Le nombre de formulaires E301 (attestations de fin de contrat délivrées par l’Administration de l’emploi aux frontaliers) en très forte augmentation, donnerait la mesure de la gravité de la situation de l’emploi. Les experts de la Banque centrale signalent au passage que certains chiffres officiels masqueraient l’ampleur de la catastrophe sociale dans les rangs des frontaliers. Les formulaires E301, qui sont exigés par les administrations françaises, ne le sont pas systématiquement par les autorités belges (le second groupe en importance de frontaliers, après les Français). En janvier dernier par exemple, les chiffres de l’Adem ont relevé 1 230 résiliations de contrats de salariés français et seulement 90 pour les salariés belges. Un rapport jugé « peu réaliste » par la Banque centrale. 

Il faudrait encore relever la tendance des autorités à sous-estimer le chômage des frontaliers.

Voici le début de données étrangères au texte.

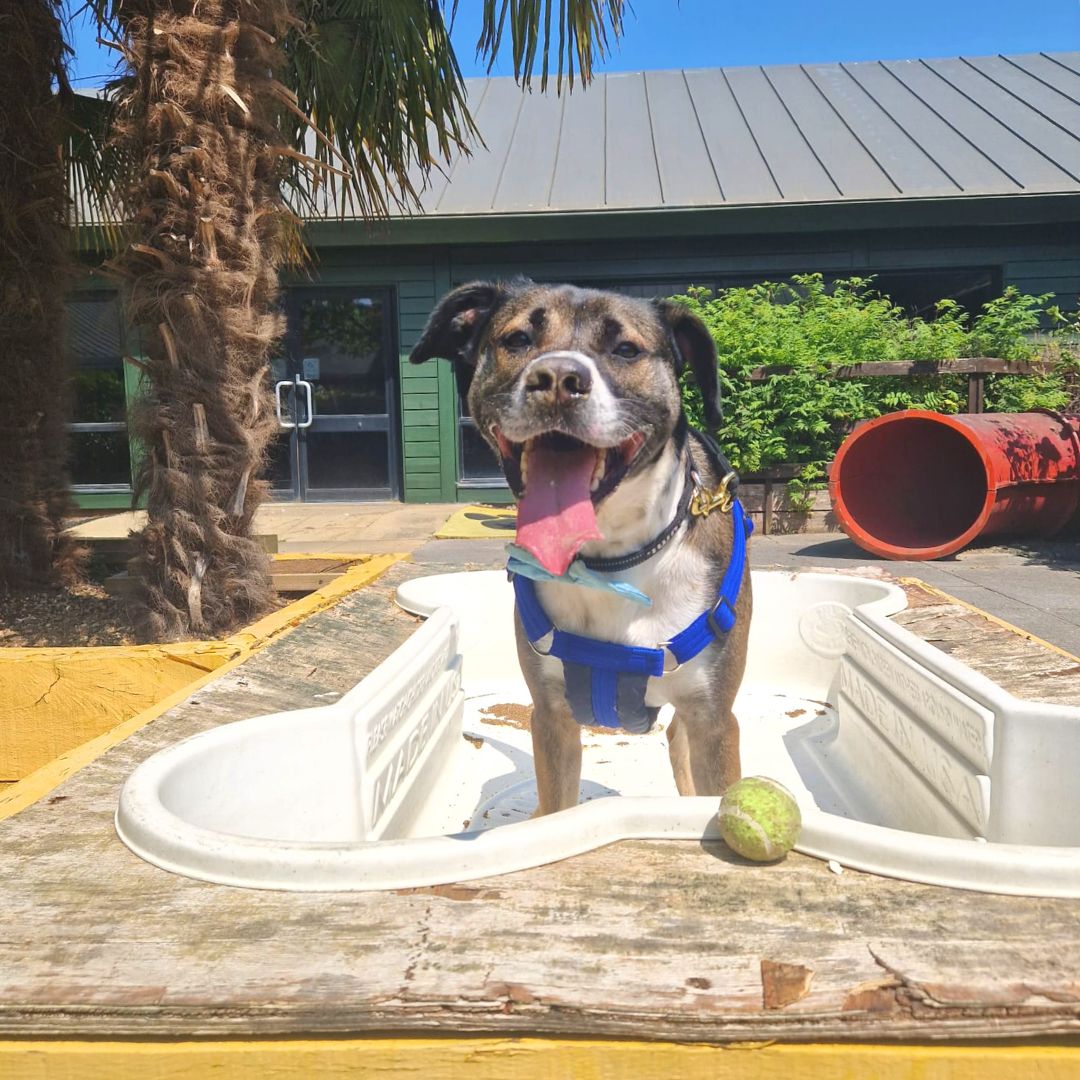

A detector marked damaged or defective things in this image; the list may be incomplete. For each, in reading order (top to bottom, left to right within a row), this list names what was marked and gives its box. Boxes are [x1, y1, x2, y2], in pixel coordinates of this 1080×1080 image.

peeling yellow paint on wood [0, 552, 406, 790]
peeling yellow paint on wood [2, 1032, 1080, 1075]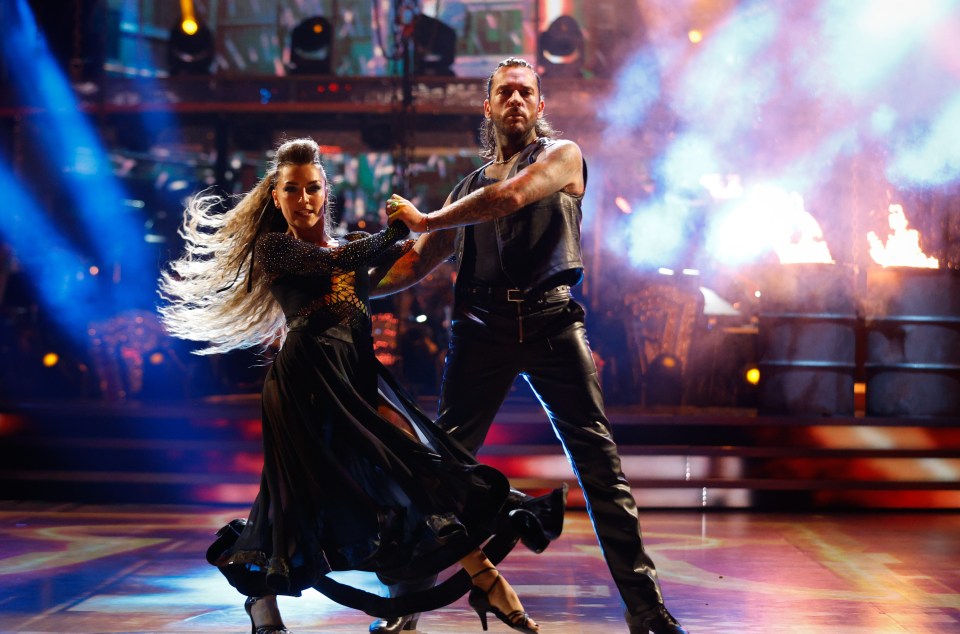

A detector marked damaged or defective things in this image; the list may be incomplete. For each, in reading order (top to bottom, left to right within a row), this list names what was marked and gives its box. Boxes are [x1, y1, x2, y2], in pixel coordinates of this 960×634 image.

rusty barrel [760, 262, 860, 414]
rusty barrel [864, 266, 960, 414]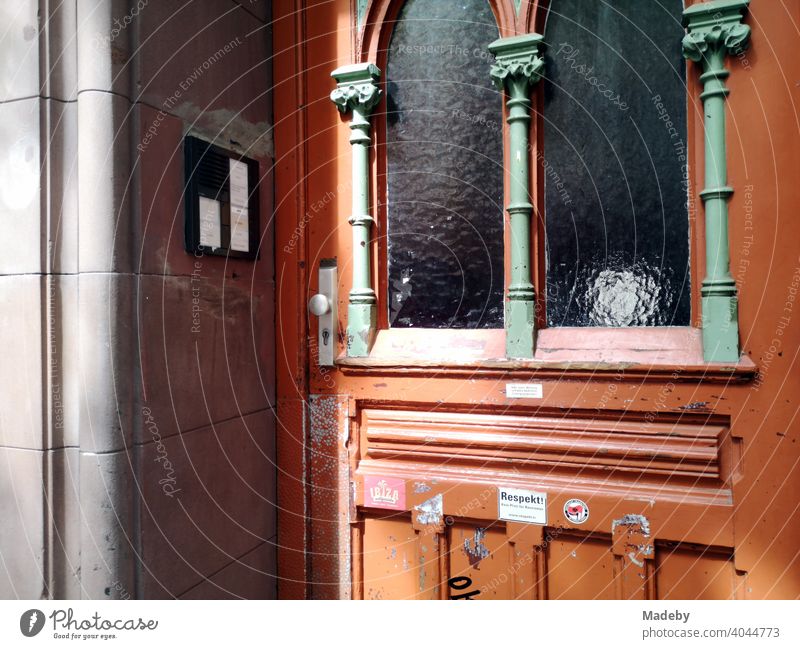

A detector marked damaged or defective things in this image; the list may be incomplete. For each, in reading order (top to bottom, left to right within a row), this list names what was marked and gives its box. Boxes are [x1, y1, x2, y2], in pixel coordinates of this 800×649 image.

chipped paint [412, 492, 444, 528]
peeling paint [412, 492, 444, 528]
chipped paint [460, 528, 490, 568]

Cette semaine, dans le cadre d’une question parlementaire de la députée verte Viviane Loschetter, François Biltgen, le ministre CSV du Travail, indique que l’Adem a établi en moyenne 1 180 attestations E301 par mois en 2008. Mais depuis le mois d’octobre, le taux mensuel a dépassé les 1 400 attestations et, en janvier, le cap des 1 600 formulaires a été franchi. « Tous ces facteurs, note la BCL, mènent à la conclusion que le quatrième trimestre 2008 et le début 2009 ont été bien plus graves en termes d’emploi que les statistiques officielles ne le suggèrent. Il faut donc s’attendre à ce que les données observées, une fois disponibles, ne dessinent une image significativement plus sombre et ne soit le prélude à une dégradation considérable et supplémentaire du marché du travail en 2009 ».

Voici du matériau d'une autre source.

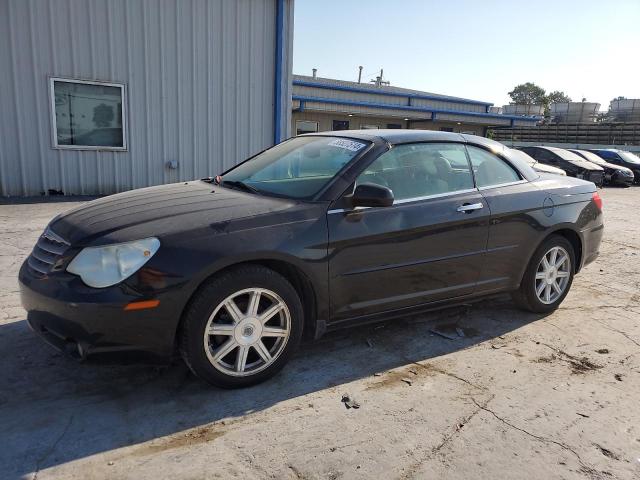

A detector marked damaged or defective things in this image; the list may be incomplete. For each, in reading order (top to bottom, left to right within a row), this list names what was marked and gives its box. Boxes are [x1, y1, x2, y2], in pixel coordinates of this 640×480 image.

cracked pavement [1, 188, 640, 480]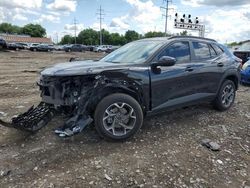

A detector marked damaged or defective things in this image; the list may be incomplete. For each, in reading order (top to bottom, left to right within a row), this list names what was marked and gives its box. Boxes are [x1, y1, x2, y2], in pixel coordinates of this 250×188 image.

damaged black suv [0, 36, 241, 140]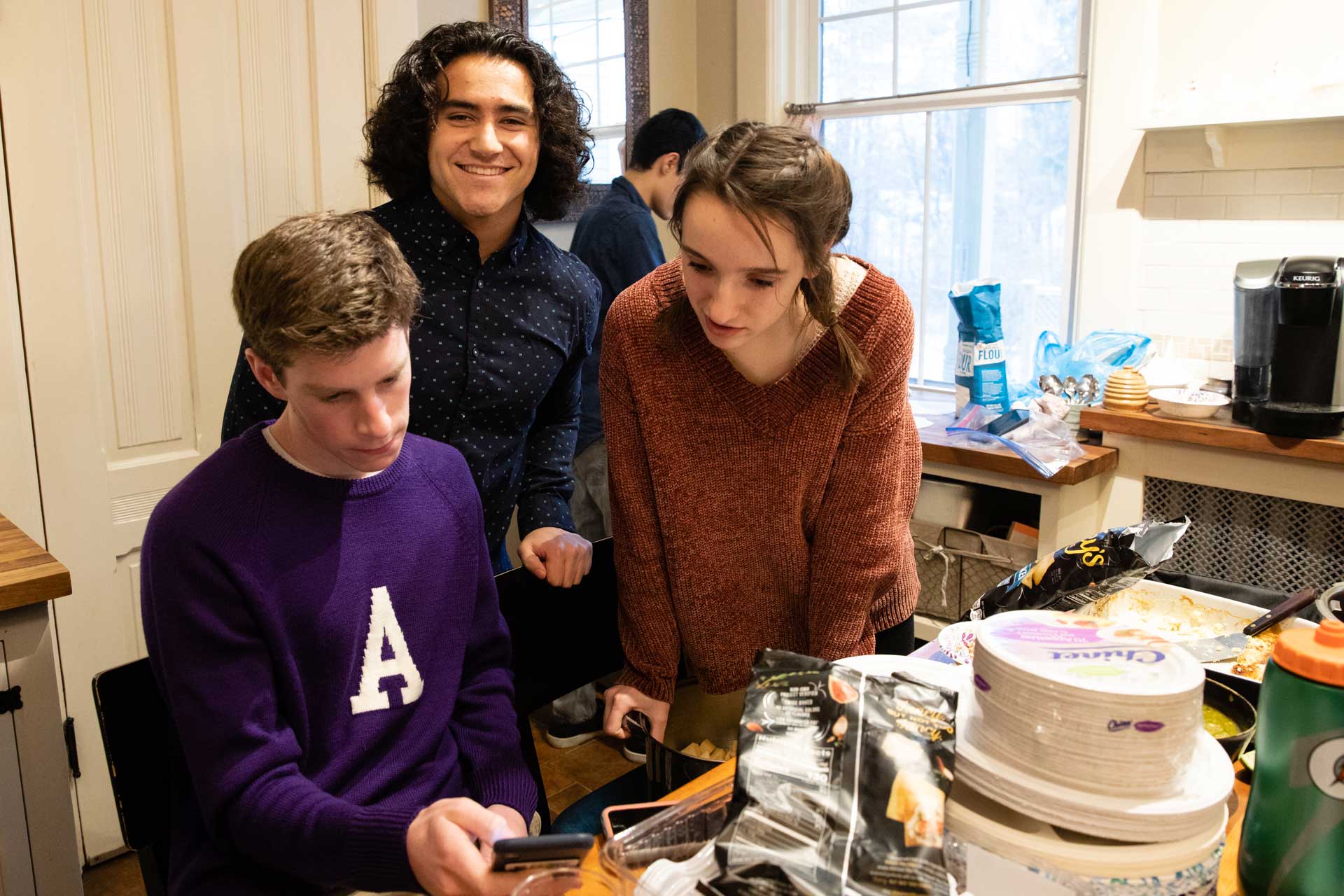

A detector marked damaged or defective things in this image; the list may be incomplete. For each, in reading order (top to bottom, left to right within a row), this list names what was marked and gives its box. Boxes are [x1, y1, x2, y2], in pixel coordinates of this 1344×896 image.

rust knit sweater [602, 255, 924, 704]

Le secteur financier ne recrute plus non plus. Le recul a été de 0,2 pour cent au cours des trois derniers mois de 2008. La situation pourrait d’ailleurs se révéler pire que ce que les estimations officielles font croire actuellement. Dans l’industrie, tous les signaux sont au rouge avec une montée explosive du chômage partiel – 4 000 personnes en décembre, 7 000 en février et 9 200 en mars – et des entreprises qui rechignent de plus en plus à soutenir l’insertion dans le marché du travail. 

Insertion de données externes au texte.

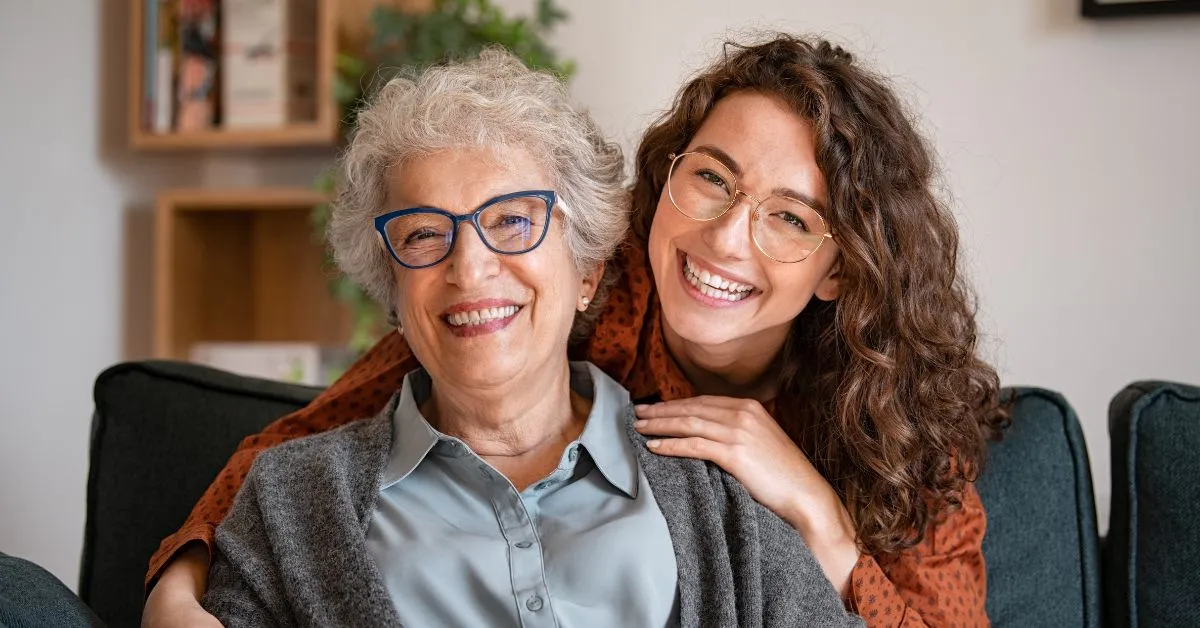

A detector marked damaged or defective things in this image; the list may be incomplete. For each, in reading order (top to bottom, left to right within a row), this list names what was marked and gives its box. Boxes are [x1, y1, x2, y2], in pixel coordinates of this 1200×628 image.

La Banque centrale du Luxembourg souligne notamment une diminution du taux de la population active bénéficiant de mesures pour l’emploi. Ce taux, qui pointait à deux pour cent en juin 2006, est tombé à 1,2 en début d’année, soit une baisse de plus de trente pour cent en moins de deux ans. « Des entreprises habituellement disposées à offrir respectivement des possibilités de travail ou de formation à des personnes au chômage dans le cadre de ces mesures sont actuellement dans une situation où elles n’augmentent plus leur effectif, ce qui se répercute forcément sur leur capacité et leur volonté d’offrir des mesures pour l’emploi ».